Within the records below, find the line with "TV-kast Wit 99" and the line with "Jinel A. Scott, MD, 16th", then reproduce exactly those two lines and all lines between them, without any picture.

*Data to process*
***

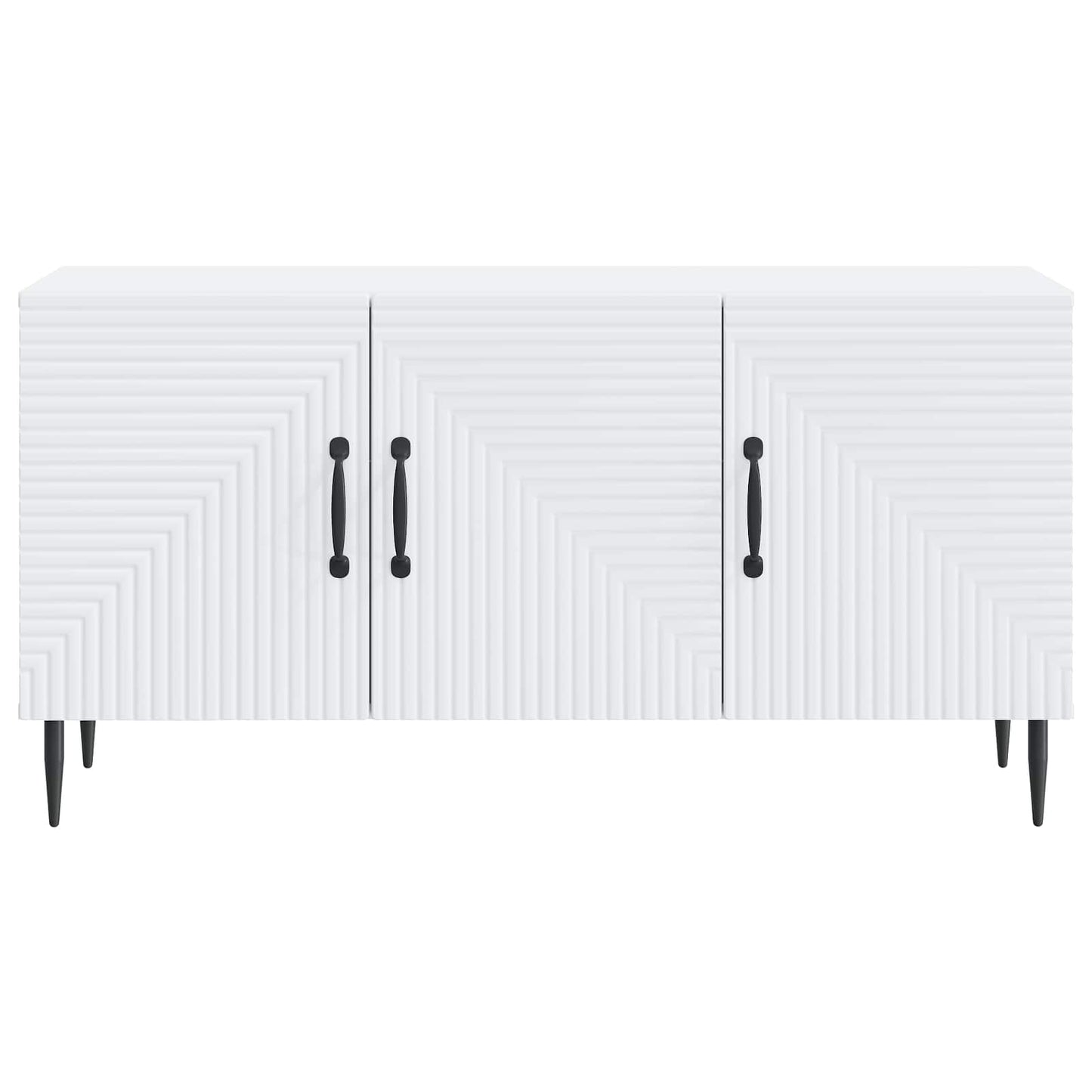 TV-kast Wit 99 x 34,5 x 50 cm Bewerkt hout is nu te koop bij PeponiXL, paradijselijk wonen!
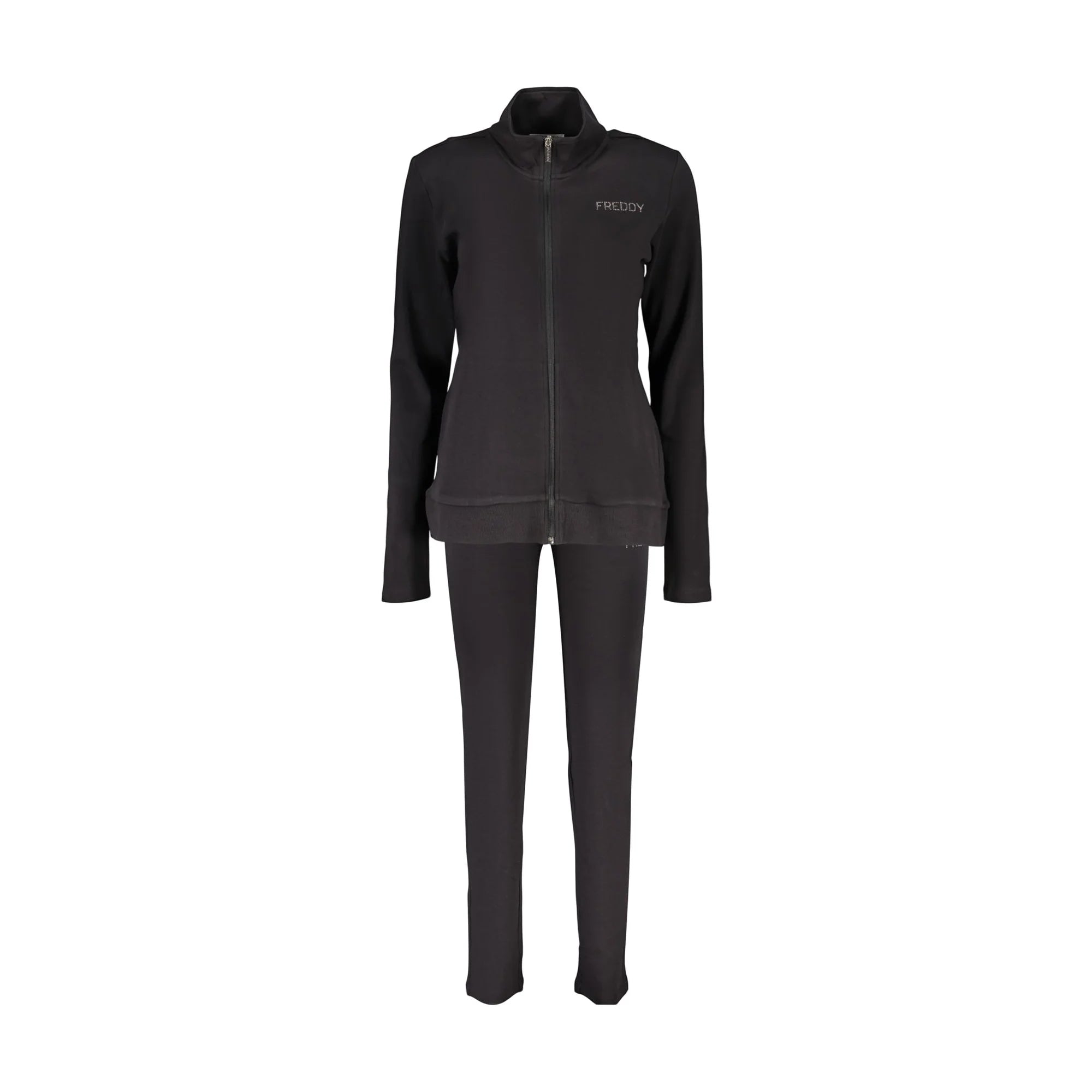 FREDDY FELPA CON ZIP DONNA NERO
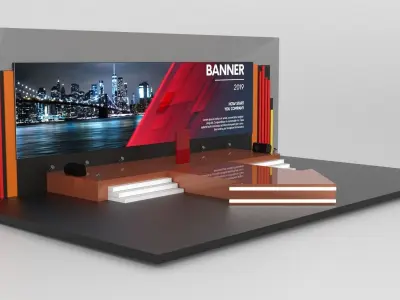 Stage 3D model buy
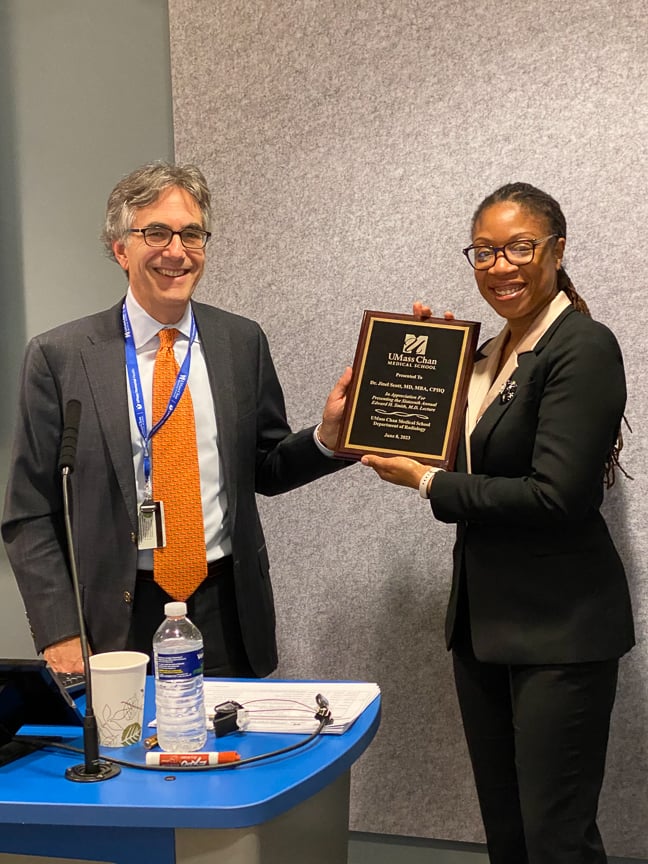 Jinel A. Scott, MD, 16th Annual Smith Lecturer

***

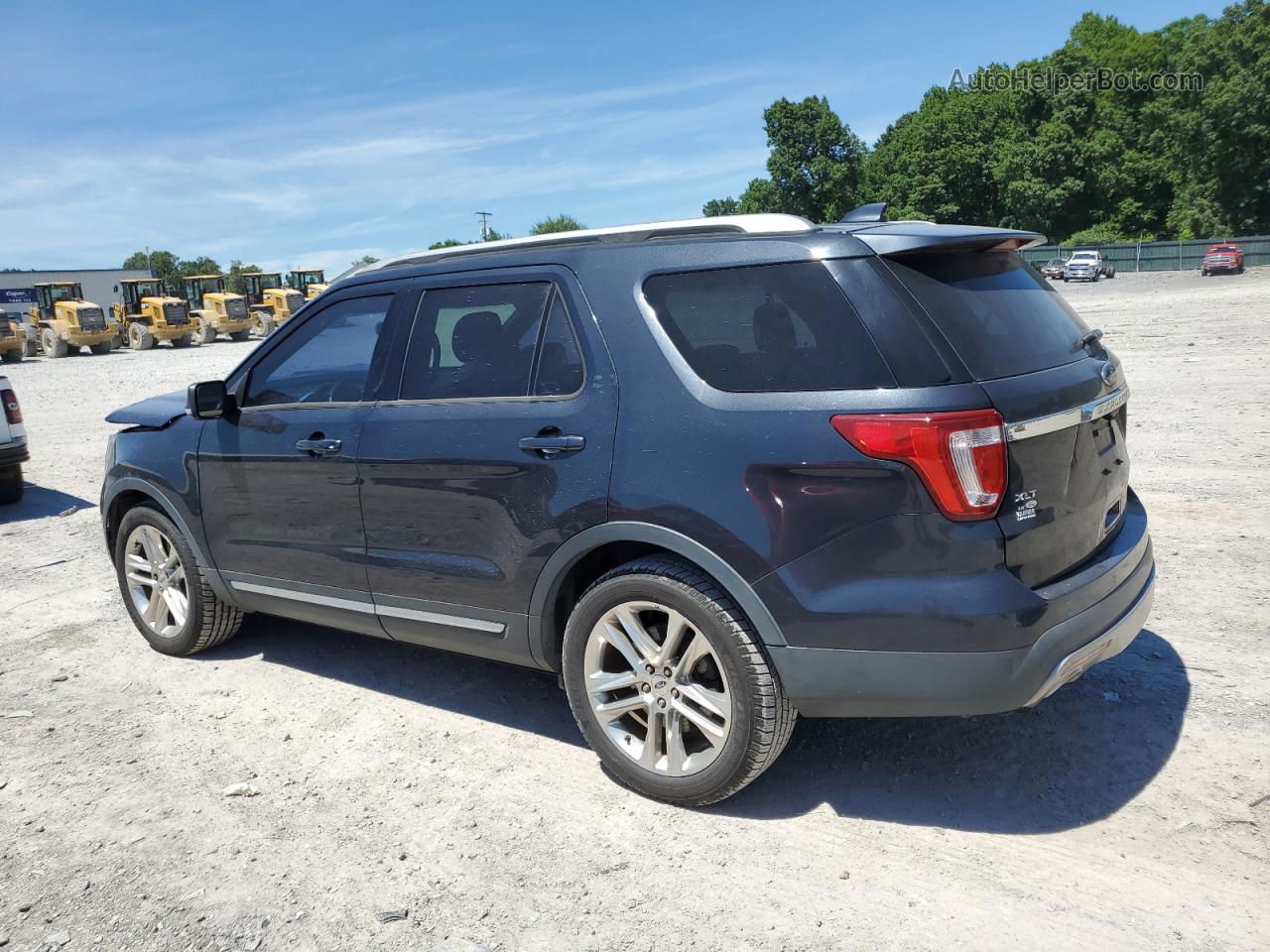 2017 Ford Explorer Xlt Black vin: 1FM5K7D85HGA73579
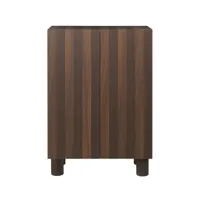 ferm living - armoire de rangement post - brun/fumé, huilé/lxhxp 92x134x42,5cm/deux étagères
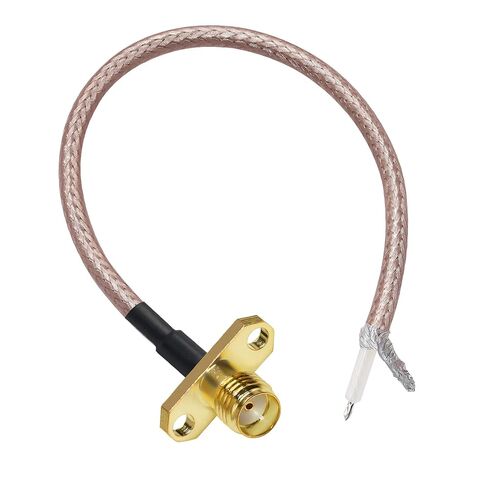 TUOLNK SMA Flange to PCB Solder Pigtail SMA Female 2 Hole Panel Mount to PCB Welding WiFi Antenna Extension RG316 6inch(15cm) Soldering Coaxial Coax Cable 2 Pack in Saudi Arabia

***

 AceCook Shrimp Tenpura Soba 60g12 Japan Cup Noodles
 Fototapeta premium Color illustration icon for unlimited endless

***

*Exercise solution*
 TV-kast Wit 99 x 34,5 x 50 cm Bewerkt hout is nu te koop bij PeponiXL, paradijselijk wonen!
 FREDDY FELPA CON ZIP DONNA NERO
 Stage 3D model buy
 Jinel A. Scott, MD, 16th Annual Smith Lecturer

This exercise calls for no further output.